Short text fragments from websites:
.....

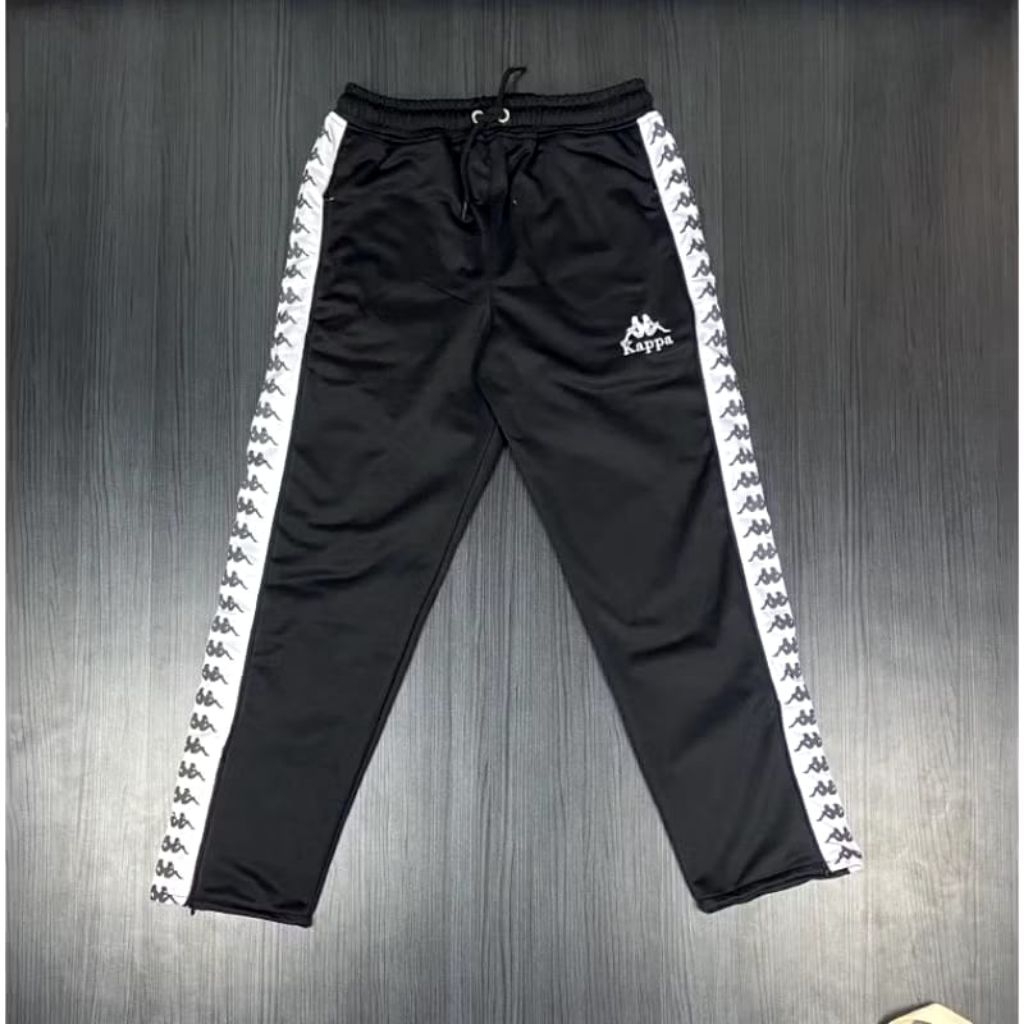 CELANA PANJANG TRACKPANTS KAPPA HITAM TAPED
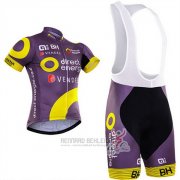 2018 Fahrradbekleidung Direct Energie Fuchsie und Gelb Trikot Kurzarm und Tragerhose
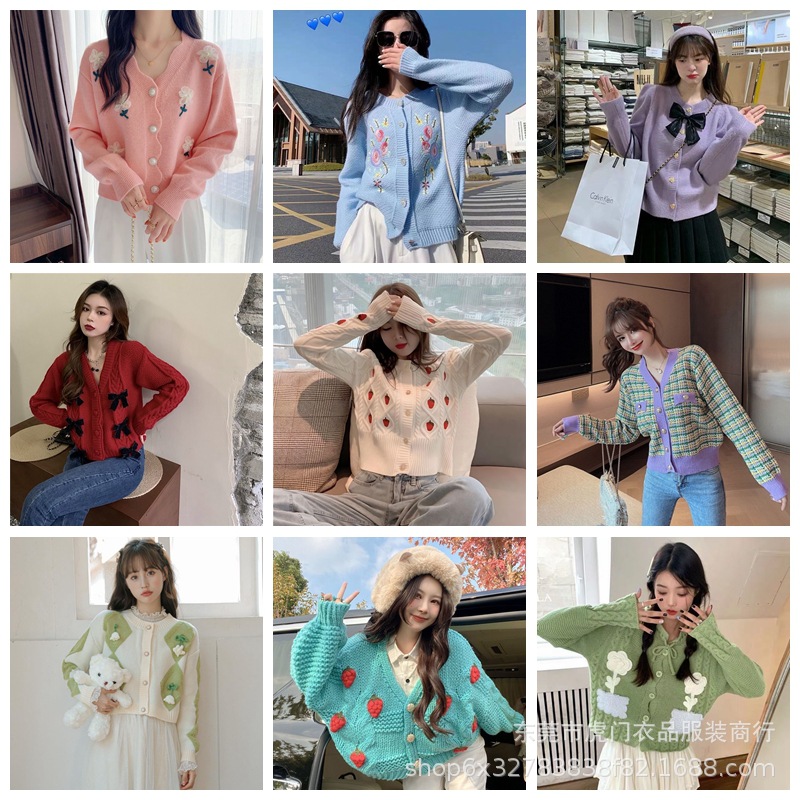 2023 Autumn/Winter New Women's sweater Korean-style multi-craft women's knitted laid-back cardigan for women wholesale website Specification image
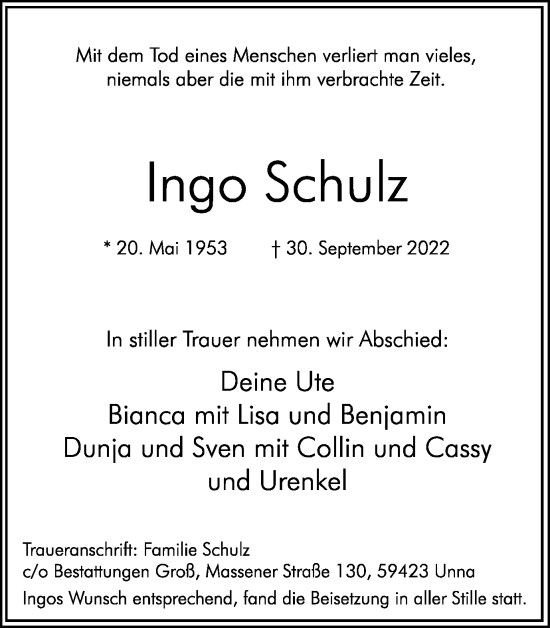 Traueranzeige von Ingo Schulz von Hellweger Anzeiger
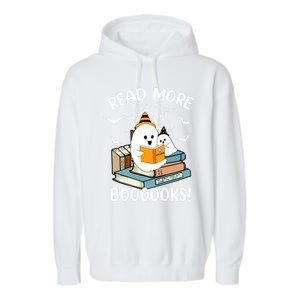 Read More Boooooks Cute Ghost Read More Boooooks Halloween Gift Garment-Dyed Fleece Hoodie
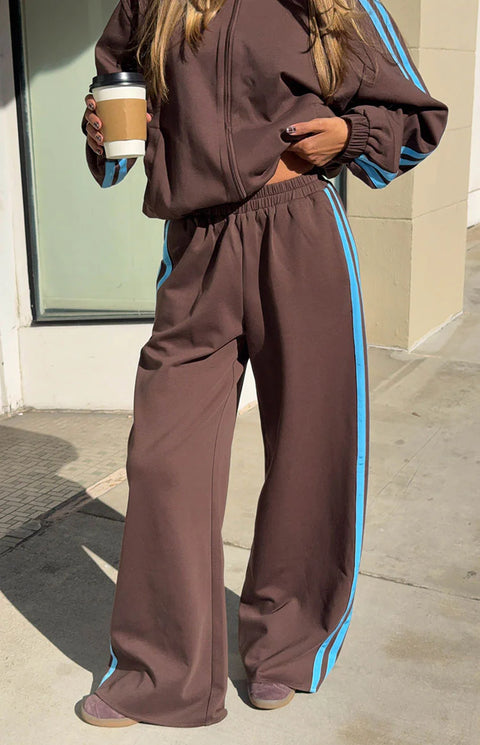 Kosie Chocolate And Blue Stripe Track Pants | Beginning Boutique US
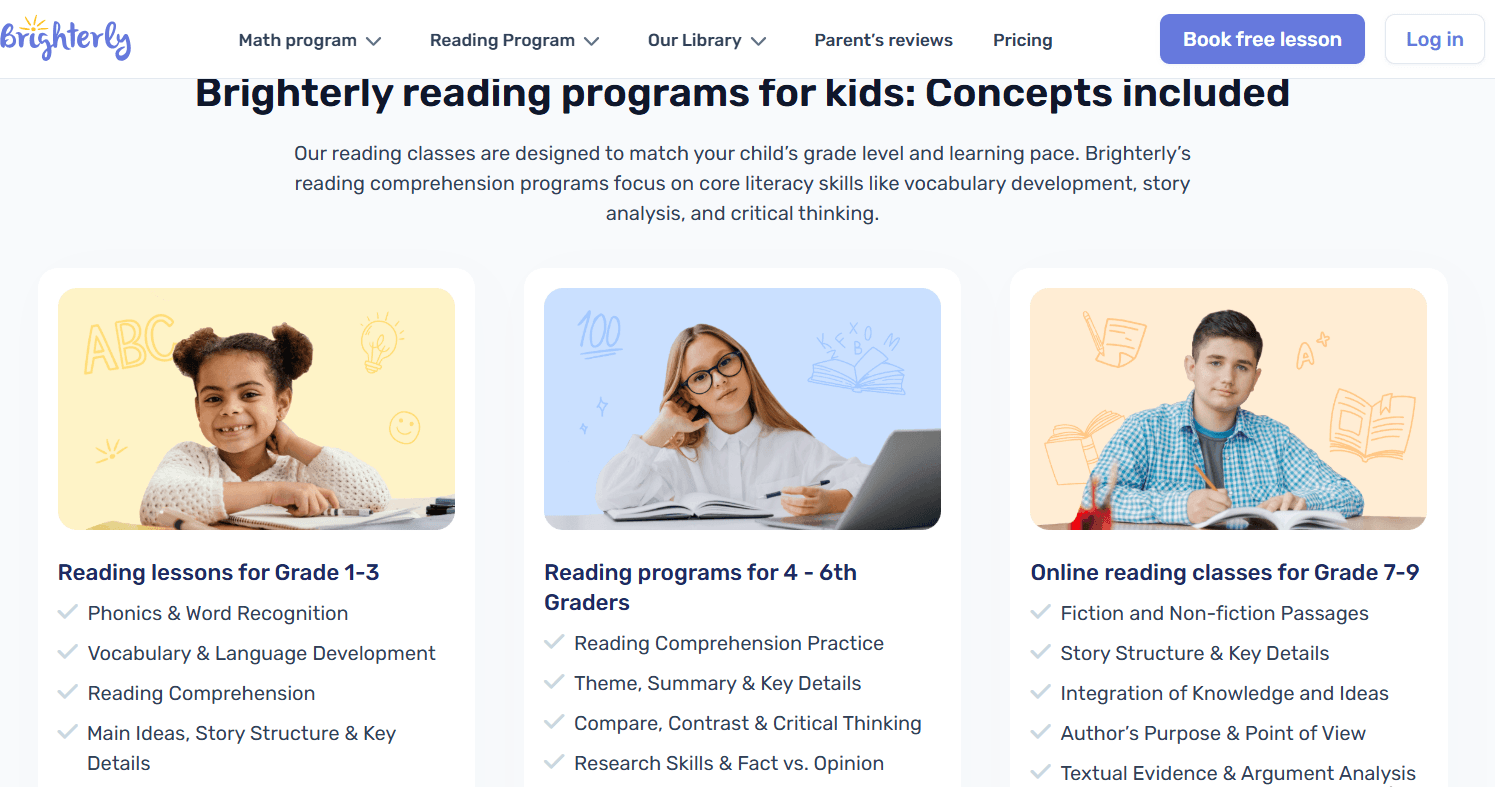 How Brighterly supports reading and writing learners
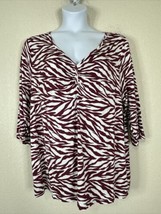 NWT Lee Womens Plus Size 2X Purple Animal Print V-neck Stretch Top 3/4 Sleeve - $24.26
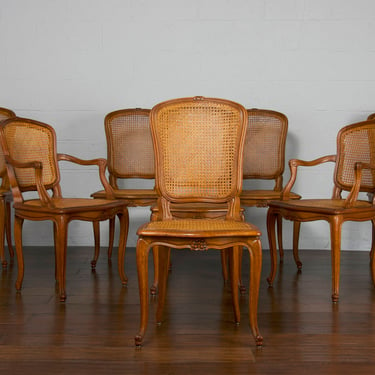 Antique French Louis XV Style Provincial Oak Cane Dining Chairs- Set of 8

.....

What you are asked to do
In the reply, give again exactly the lines from the beginning of the entries above through the line with "Kosie Chocolate And"; pictures stay out.

Reply
 CELANA PANJANG TRACKPANTS KAPPA HITAM TAPED
 2018 Fahrradbekleidung Direct Energie Fuchsie und Gelb Trikot Kurzarm und Tragerhose
 2023 Autumn/Winter New Women's sweater Korean-style multi-craft women's knitted laid-back cardigan for women wholesale website Specification image
 Traueranzeige von Ingo Schulz von Hellweger Anzeiger
 Read More Boooooks Cute Ghost Read More Boooooks Halloween Gift Garment-Dyed Fleece Hoodie
 Kosie Chocolate And Blue Stripe Track Pants | Beginning Boutique US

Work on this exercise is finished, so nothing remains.